▼▼▼
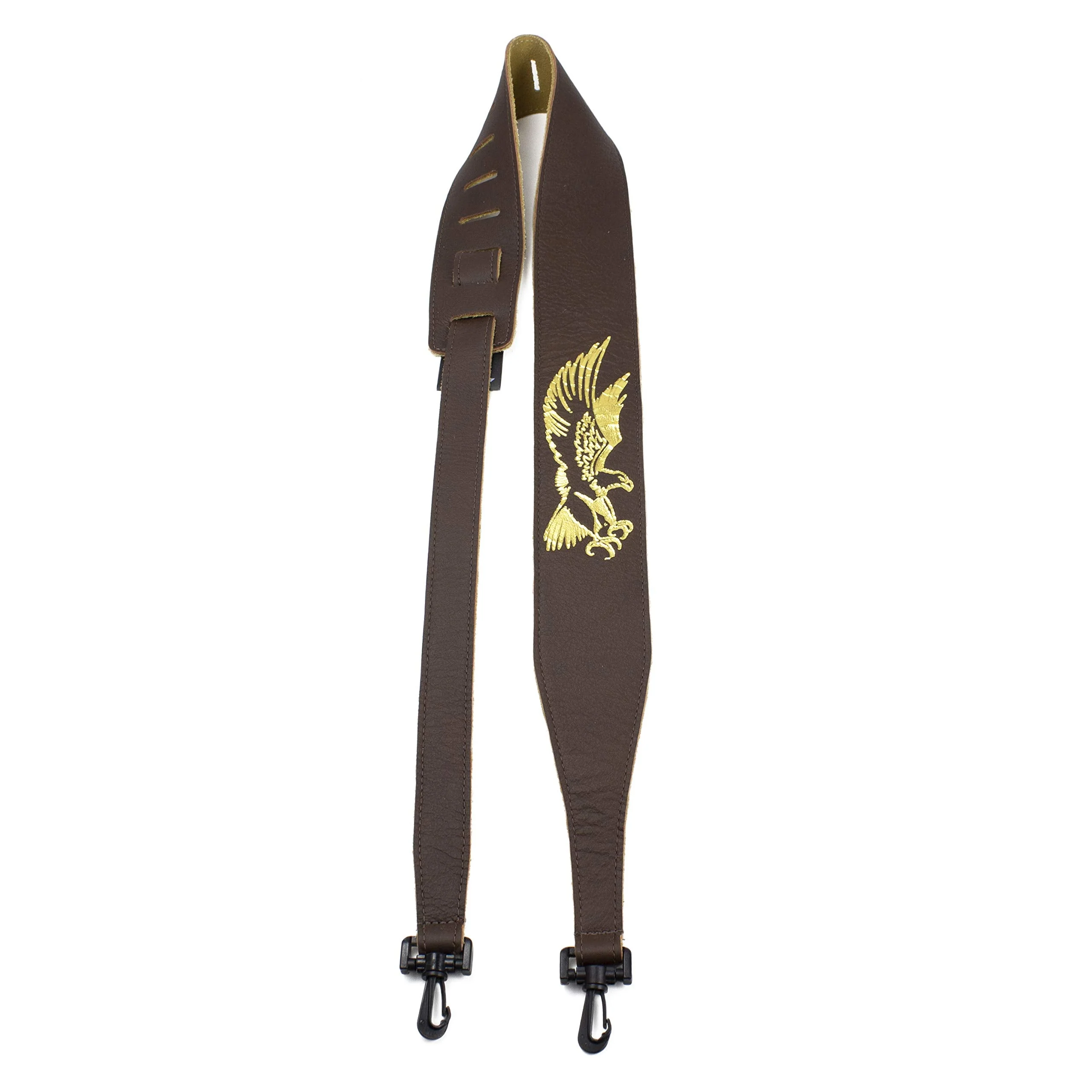 Perri's Leathers, Banjo Flying Eagle Guitar Strap, Polyester and Plastic Combined, Brown, Foil Embosed, Anti-Slip, Classic, Suitable for Each Level, Standard, Compatible with All Button Lock Systems 44.5" to 53" Flying Eage Brown - Image 6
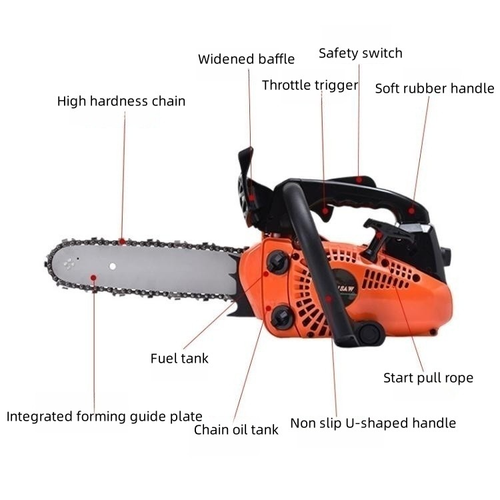 Model 2500 Single-Handed Mini Chainsaw: Compact Household Firewood-Splitting Tool—High-Power Gasoline-Powered Outdoor & Home Cutting and Logging Saw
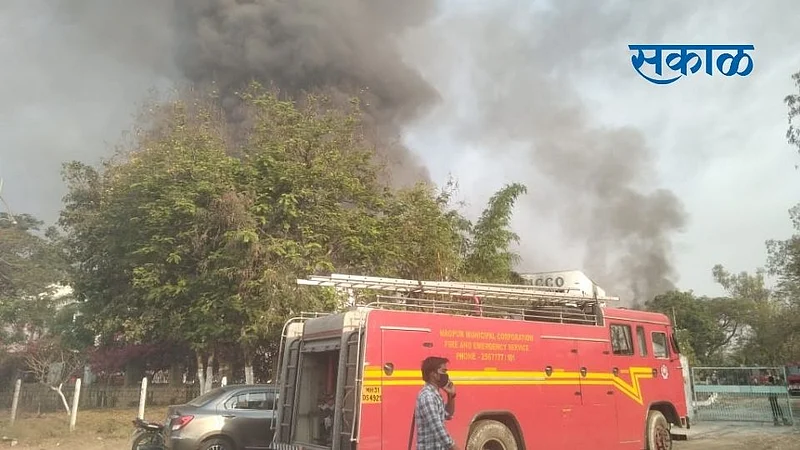 A huge fire broke out at the famous Vico company in Nagpur}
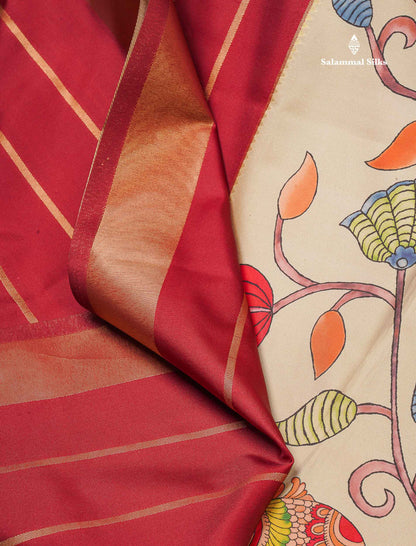 Soft Semi Mysore Silk Saree - Maroon Colour Body With Kalamkari Design & Blouse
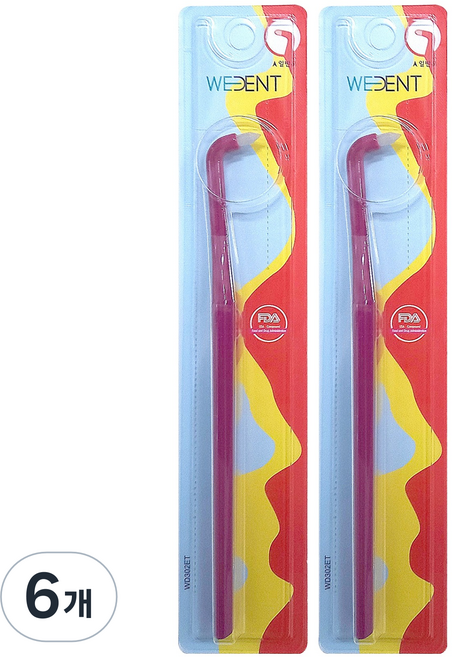 위덴 앤드터프트칫솔 일반모, 1개입, 6개, 플럼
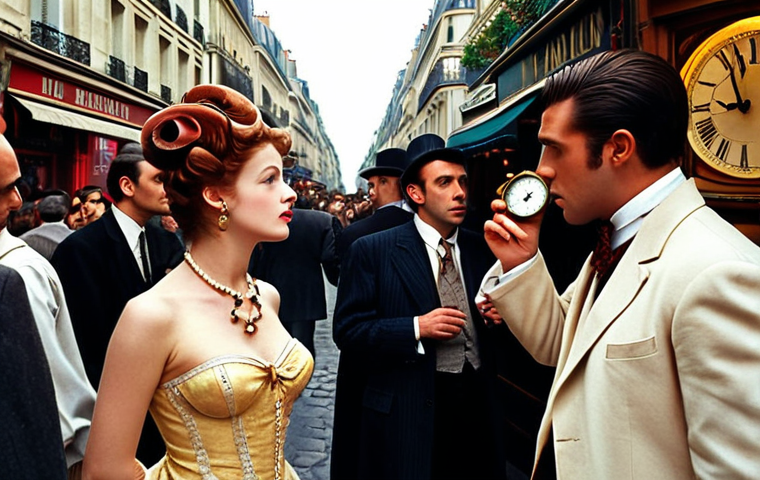 **

"A bustling Belle Époque Parisian street scene, filled with stylishly dressed men and women. In the foreground, a mysterious dandy whispers secrets into the ear of a woman, hinting at the Reverse: 1999 event. Clocks and maps subtly embedded within the background, creating a sense of time travel and intrigue. Warm, nostalgic colors dominate the scene."

**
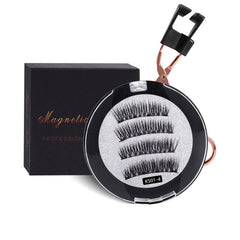 4 Magnetic False Eyelashes Natural 3D Makeup Eyelash Tools
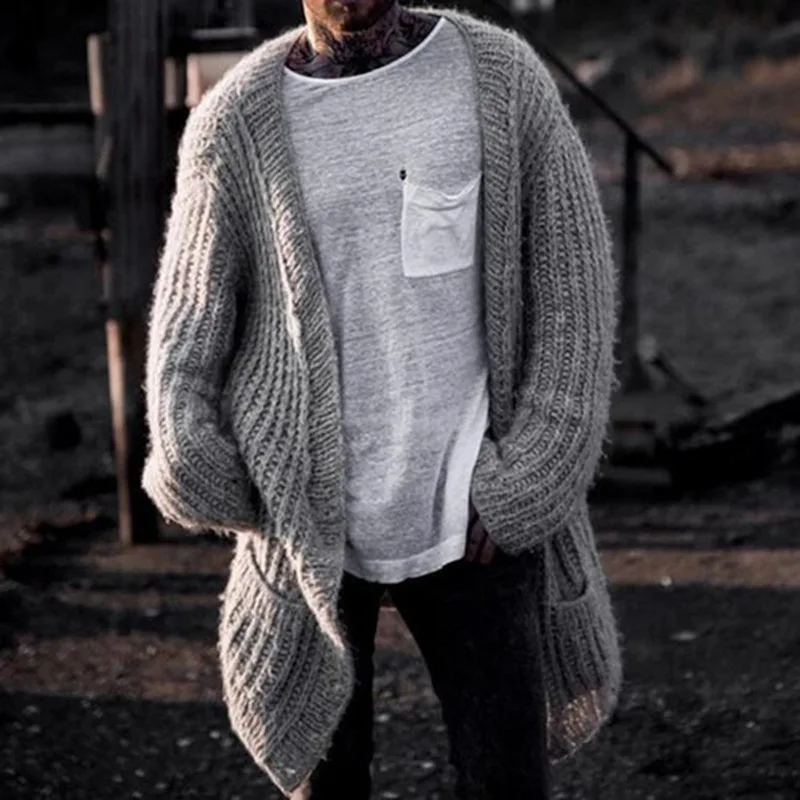 

Men's Thi Needle Open Cardigan Sweater Casual Loose Fit V-Ne Pure Color Spring Autumn Faion Urban Sle Long Sve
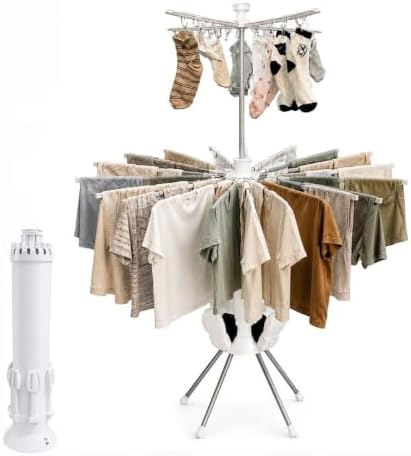 Foldable Clothes Drying Rack, Rotating Aluminum Laundry Rack, Portable Stand by Unknown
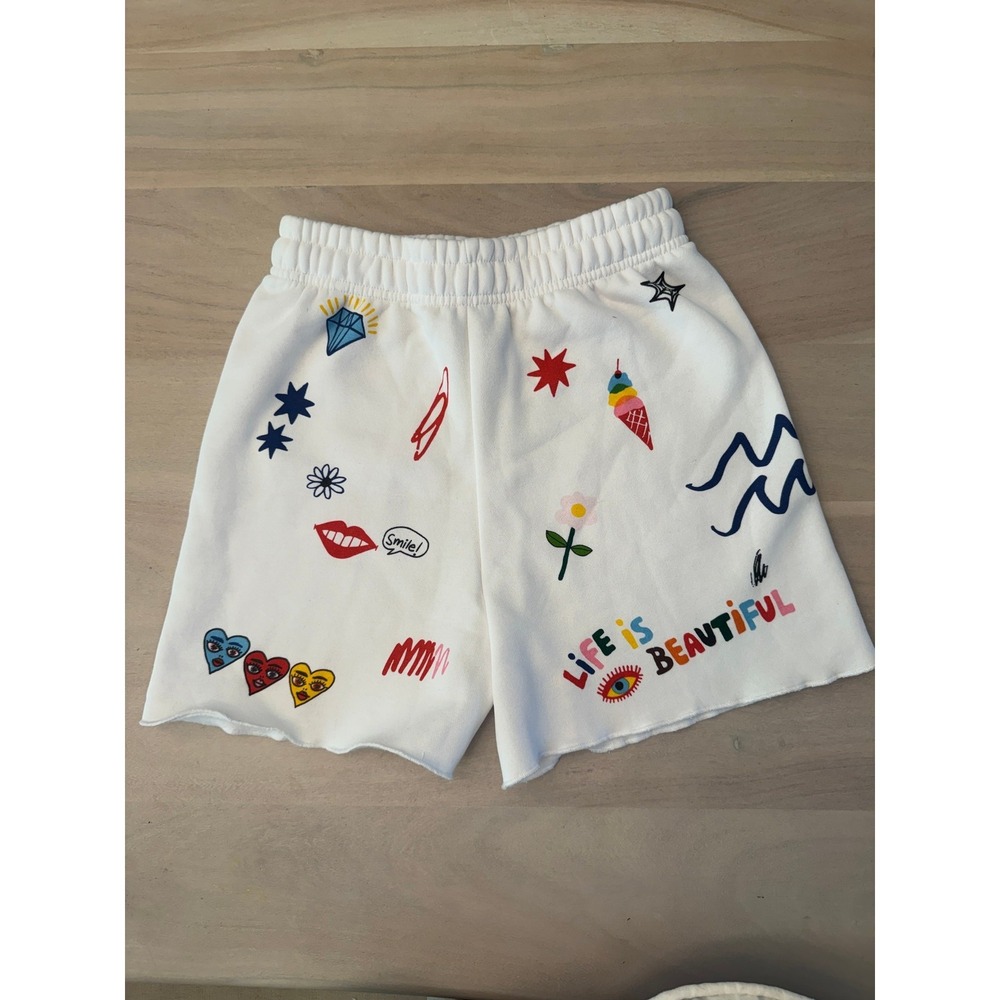 The Mayfair Group Life Is Beautiful Sweat Shorts White Doodle Print Women's S/M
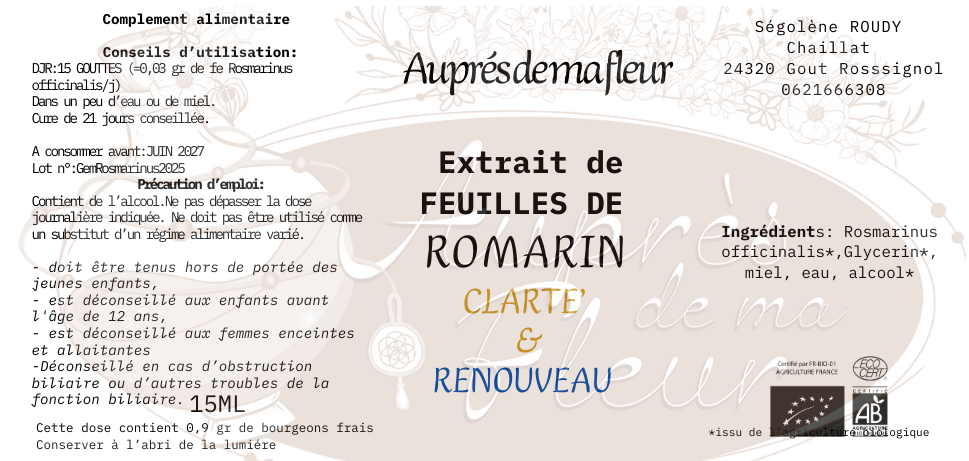 Gemmothérapie Romarin (Salvia rosmarinus) - 15ml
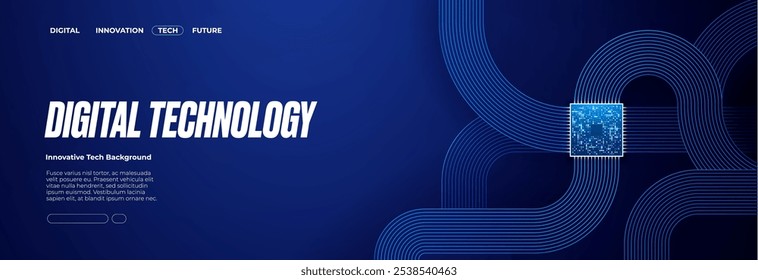 Fundo de tecnologia horizontal com semicondutor AI ou chip e peças eletrônicas com efeito 3D. Processador da CPU na motherboard do circuito. Tecnologia bg em azul elétrico escuro. Ilustração digital vetorial.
▲▲▲
The required output is a verbatim repetition of the lines from the opening of the entries above through the line containing "The Mayfair Group", inclusive, with no pictures and nothing else.

 Perri's Leathers, Banjo Flying Eagle Guitar Strap, Polyester and Plastic Combined, Brown, Foil Embosed, Anti-Slip, Classic, Suitable for Each Level, Standard, Compatible with All Button Lock Systems 44.5" to 53" Flying Eage Brown - Image 6
 Model 2500 Single-Handed Mini Chainsaw: Compact Household Firewood-Splitting Tool—High-Power Gasoline-Powered Outdoor & Home Cutting and Logging Saw
 A huge fire broke out at the famous Vico company in Nagpur}
 Soft Semi Mysore Silk Saree - Maroon Colour Body With Kalamkari Design & Blouse
 위덴 앤드터프트칫솔 일반모, 1개입, 6개, 플럼
 **

"A bustling Belle Époque Parisian street scene, filled with stylishly dressed men and women. In the foreground, a mysterious dandy whispers secrets into the ear of a woman, hinting at the Reverse: 1999 event. Clocks and maps subtly embedded within the background, creating a sense of time travel and intrigue. Warm, nostalgic colors dominate the scene."

**
 4 Magnetic False Eyelashes Natural 3D Makeup Eyelash Tools

Men's Thi Needle Open Cardigan Sweater Casual Loose Fit V-Ne Pure Color Spring Autumn Faion Urban Sle Long Sve
 Foldable Clothes Drying Rack, Rotating Aluminum Laundry Rack, Portable Stand by Unknown
 The Mayfair Group Life Is Beautiful Sweat Shorts White Doodle Print Women's S/M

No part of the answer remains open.